■ **Data for this task**
[Start of section]

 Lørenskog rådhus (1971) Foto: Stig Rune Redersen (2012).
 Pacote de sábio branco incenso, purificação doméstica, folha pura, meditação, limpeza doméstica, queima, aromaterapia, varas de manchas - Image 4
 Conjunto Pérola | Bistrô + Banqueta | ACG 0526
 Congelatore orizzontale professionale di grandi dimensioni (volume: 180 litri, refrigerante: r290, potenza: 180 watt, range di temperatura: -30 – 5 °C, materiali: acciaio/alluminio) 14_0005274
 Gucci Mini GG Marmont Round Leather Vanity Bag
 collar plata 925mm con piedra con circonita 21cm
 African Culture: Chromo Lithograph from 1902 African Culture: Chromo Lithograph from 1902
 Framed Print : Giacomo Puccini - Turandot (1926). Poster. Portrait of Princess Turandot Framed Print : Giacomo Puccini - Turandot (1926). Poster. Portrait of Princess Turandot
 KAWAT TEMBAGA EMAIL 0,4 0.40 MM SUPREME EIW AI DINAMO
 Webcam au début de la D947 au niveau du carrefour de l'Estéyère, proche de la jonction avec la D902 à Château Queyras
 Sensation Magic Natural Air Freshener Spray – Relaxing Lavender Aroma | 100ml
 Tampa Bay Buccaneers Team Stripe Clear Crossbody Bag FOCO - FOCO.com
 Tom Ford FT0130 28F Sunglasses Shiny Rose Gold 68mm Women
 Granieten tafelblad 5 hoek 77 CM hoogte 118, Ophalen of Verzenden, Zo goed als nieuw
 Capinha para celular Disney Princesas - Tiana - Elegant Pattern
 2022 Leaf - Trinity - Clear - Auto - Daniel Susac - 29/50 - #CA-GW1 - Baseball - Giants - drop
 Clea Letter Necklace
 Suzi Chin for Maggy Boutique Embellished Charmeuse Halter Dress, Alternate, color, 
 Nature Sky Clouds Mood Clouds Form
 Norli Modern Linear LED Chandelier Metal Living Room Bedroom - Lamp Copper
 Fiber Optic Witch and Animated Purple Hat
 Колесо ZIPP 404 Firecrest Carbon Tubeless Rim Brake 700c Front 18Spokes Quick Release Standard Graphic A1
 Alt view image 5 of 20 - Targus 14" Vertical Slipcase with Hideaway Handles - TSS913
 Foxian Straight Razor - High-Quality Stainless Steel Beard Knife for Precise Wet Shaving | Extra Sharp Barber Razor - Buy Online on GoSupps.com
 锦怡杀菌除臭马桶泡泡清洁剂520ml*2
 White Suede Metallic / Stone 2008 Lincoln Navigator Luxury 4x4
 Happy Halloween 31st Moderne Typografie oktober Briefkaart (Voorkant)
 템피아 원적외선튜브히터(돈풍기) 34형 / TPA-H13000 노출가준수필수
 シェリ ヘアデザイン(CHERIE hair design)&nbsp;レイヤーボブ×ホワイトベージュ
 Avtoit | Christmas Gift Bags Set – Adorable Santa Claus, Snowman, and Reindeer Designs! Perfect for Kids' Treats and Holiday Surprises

[End of section]

■ **Problem description**
Exactly those lines that run from the start of the listing to the line containing "KAWAT TEMBAGA EMAIL" should be output, and no others.

■ **Your response**
 Lørenskog rådhus (1971) Foto: Stig Rune Redersen (2012).
 Pacote de sábio branco incenso, purificação doméstica, folha pura, meditação, limpeza doméstica, queima, aromaterapia, varas de manchas - Image 4
 Conjunto Pérola | Bistrô + Banqueta | ACG 0526
 Congelatore orizzontale professionale di grandi dimensioni (volume: 180 litri, refrigerante: r290, potenza: 180 watt, range di temperatura: -30 – 5 °C, materiali: acciaio/alluminio) 14_0005274
 Gucci Mini GG Marmont Round Leather Vanity Bag
 collar plata 925mm con piedra con circonita 21cm
 African Culture: Chromo Lithograph from 1902 African Culture: Chromo Lithograph from 1902
 Framed Print : Giacomo Puccini - Turandot (1926). Poster. Portrait of Princess Turandot Framed Print : Giacomo Puccini - Turandot (1926). Poster. Portrait of Princess Turandot
 KAWAT TEMBAGA EMAIL 0,4 0.40 MM SUPREME EIW AI DINAMO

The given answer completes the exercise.